Dans les deux études de cas, l’agentivité syndicale n’a pas garanti la sécurité d’emploi de tous les travailleurs. L’hégémonie du marché soutenue par les politiques étatiques de dérégulation et l’impératif économique de l’avantage compétitif des filiales, imposé par les maisons-mères, ont fortement réduit la marge de manoeuvre de l’acteur syndical dans sa quête de représentation de tous ses travailleurs. Si l’agentivité contribue au changement institutionnel par la participation syndicale à la mise en place des politiques de flexibilisation, l’acteur syndical n’en contrôla pas du tout l’issue. Tout au plus a-t-il essayé d’en réduire la portée néfaste sur les permanents.

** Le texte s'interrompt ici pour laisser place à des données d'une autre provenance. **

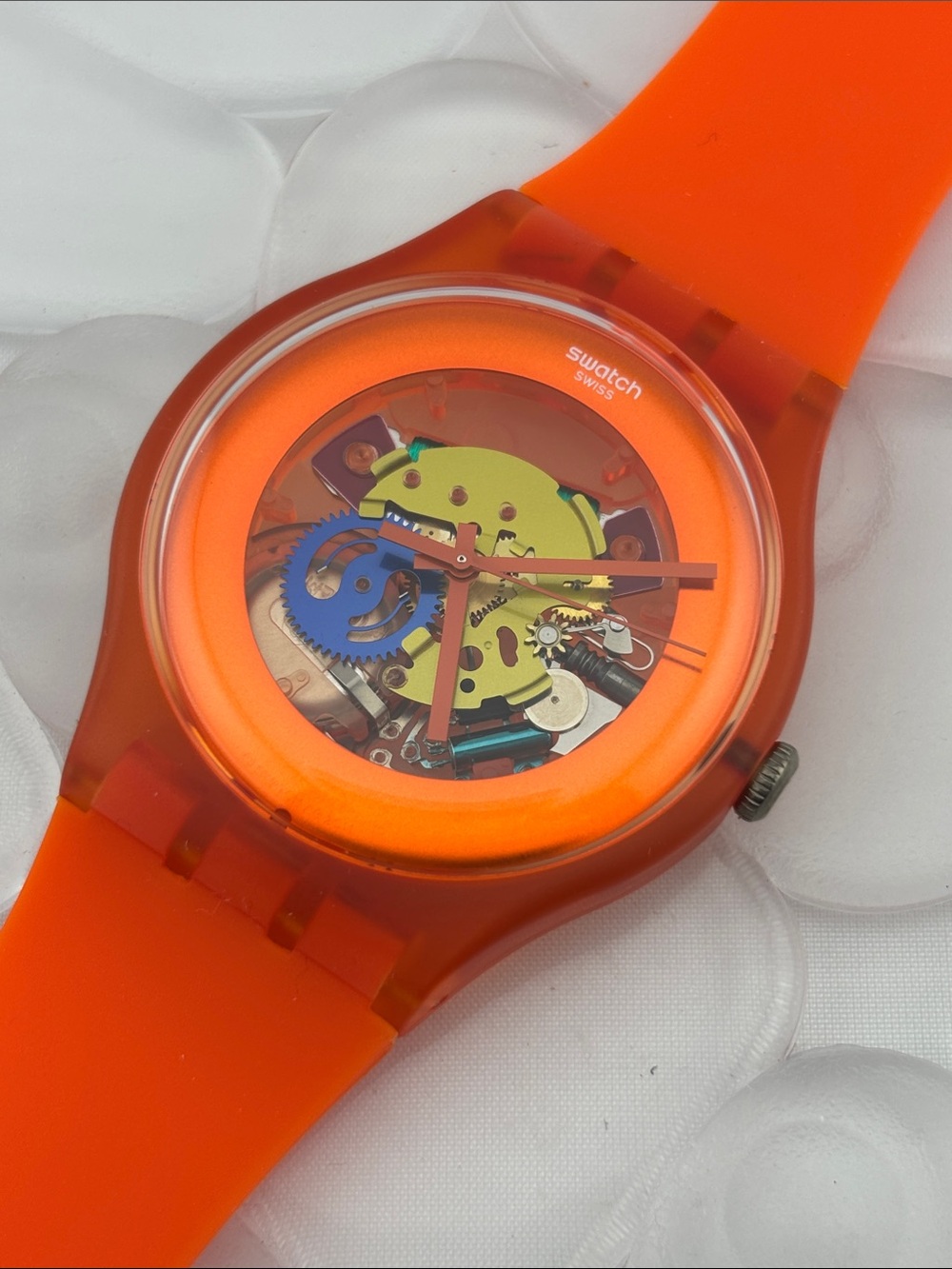 Swatch Watch - SUOO100 - ORANGISH LACQUERED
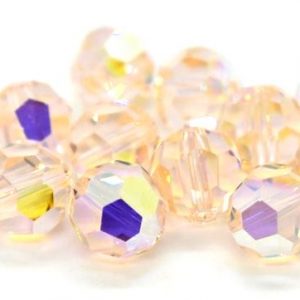5000 - 8mm Swarovski Faceted Round Bead - Silk AB 5000 - 8mm Swarovski Faceted Round Bead - Silk AB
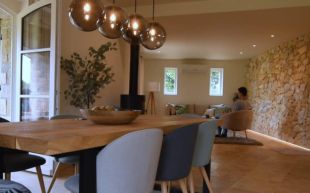 Les Sillons gelijkvloers eettafel en woonkamer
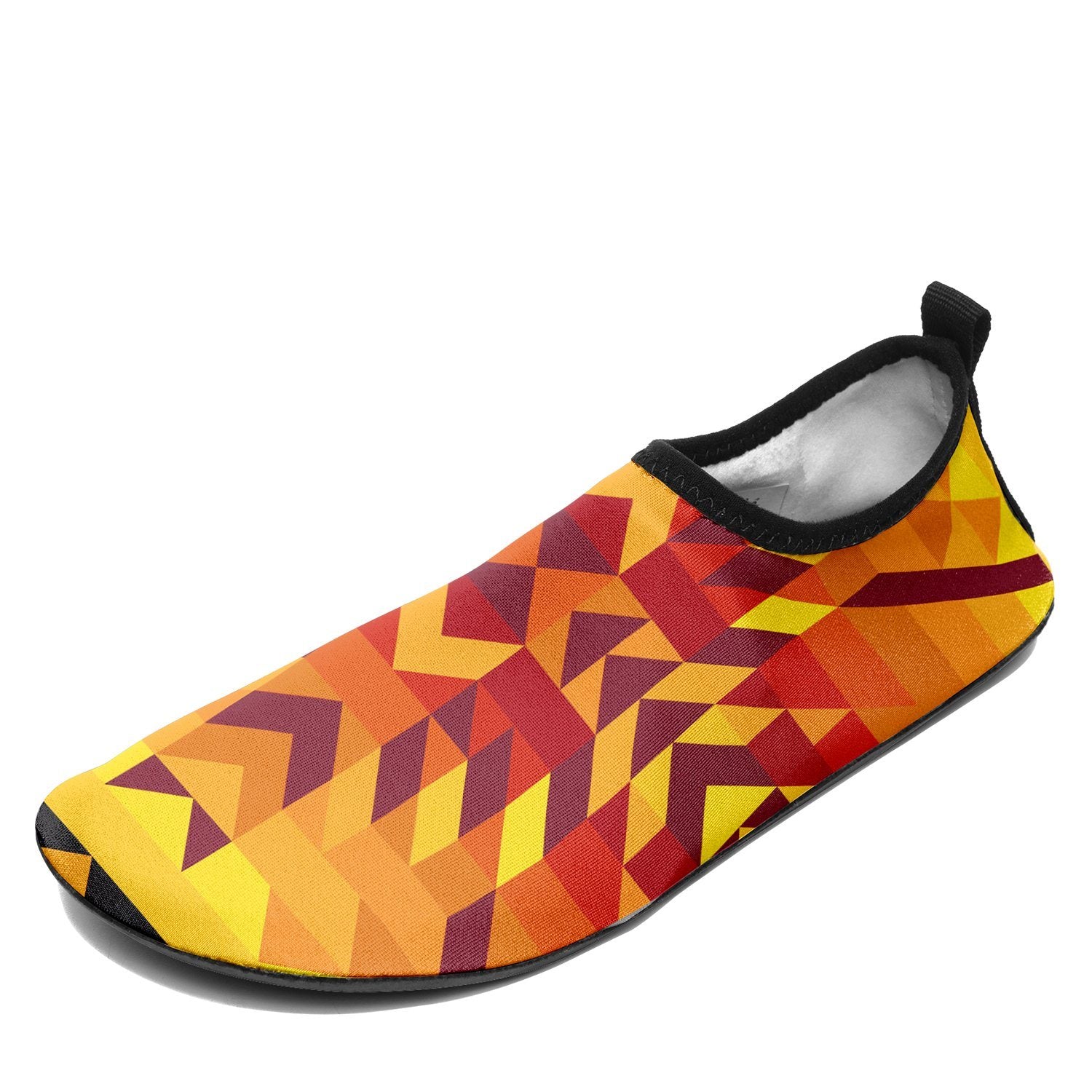 Desert Geo Yellow Red Sockamoccs Kid's Slip On Shoes Herman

Dans l’usine américaine, le processus a conduit à la substitution de nouvelles règles alors que, dans la canadienne, il a mené à la coexistence de nouvelles et d’anciennes, produisant, dans les deux cas, un dualisme qui a segmenté le marché du travail. Ces cas confirment la thèse de la firme flexible du centre désengagé de sa périphérie. Si cette ambivalence s’explique aussi par la déconnexion entre les droits socio-économiques, civils et politiques que le régime de la démocratie industrielle ne dissociait pas, il conduit à la dé-collectivisation des droits, et plus grave, à l’individualisation des relations d’emploi de laquelle la démocratie industrielle voulait émanciper les travailleurs. Il y a des limites structurelles au-delà desquelles l’agentivité ne peut aller en contexte d’économie néolibérale et de déréglementation du cadre législatif.

Pour renforcer la négociation décentralisée dans les régimes nord-américains, cette recherche montre que les conditions structurelles limitant l’agentivité devraient s’ajuster à la réalité des travailleurs. Cela ne peut être le rôle de l’acteur syndical tout seul, incapable sous les conditions actuelles de l’économie néolibérale, de changer le statu quo. Les politiques étatiques sont indispensables et ne peuvent être substituées par des actions de mobilisation sociale, et l’acteur patronal, initiateur des processus de flexibilité organisationnelle, doit jouer un rôle indispensable. Aussi, trois implications managériales qui en appellent à ce rôle charnière de l’acteur patronal peuvent être suggérées. Primo, le compromis fordisme de négociation de « bonne foi » à l’origine de l’homogénéisation de la communauté au travail ne tient pas seulement d’une entente partenariale comme il a été question dans nos deux usines. Il dépend davantage d’une concordante articulation entre l’effort de flexibilité que fournissent les travailleurs et le juste prix qu’ils doivent en recevoir. Secundo, les directions managériales des usines, via leurs stratégies corporatives, plutôt que d’encourager les politiques de « deux poids, deux mesures » à l’origine de la segmentation du marché de travail, devraient initier des actions équitables visant cette homogénéisation. Tertio, cette perspective de la justice au travail, dans une entente partenariale exemplaire comme dans l’usine canadienne, devrait réconcilier et équilibrer les enjeux sociaux des travailleurs avec les motifs économiques de l’avantage concurrentiels des entreprises. Le nouveau régime des droits des travailleurs que porte le modèle corporatif de la mondialisation de l’économie, via les politiques de restructuration et de flexibilisation de l’emploi, ne saurait faire l’économie de ces fondements de justices sociale et distributive au coeur de la négociation collective. C’est ainsi seulement que l’on pourra revenir aux fondements de la démocratie industrielle que les pionniers de l’institutionnalisme, les Webb (1897) et Commons (1934), ont introduits dans les relations industrielles.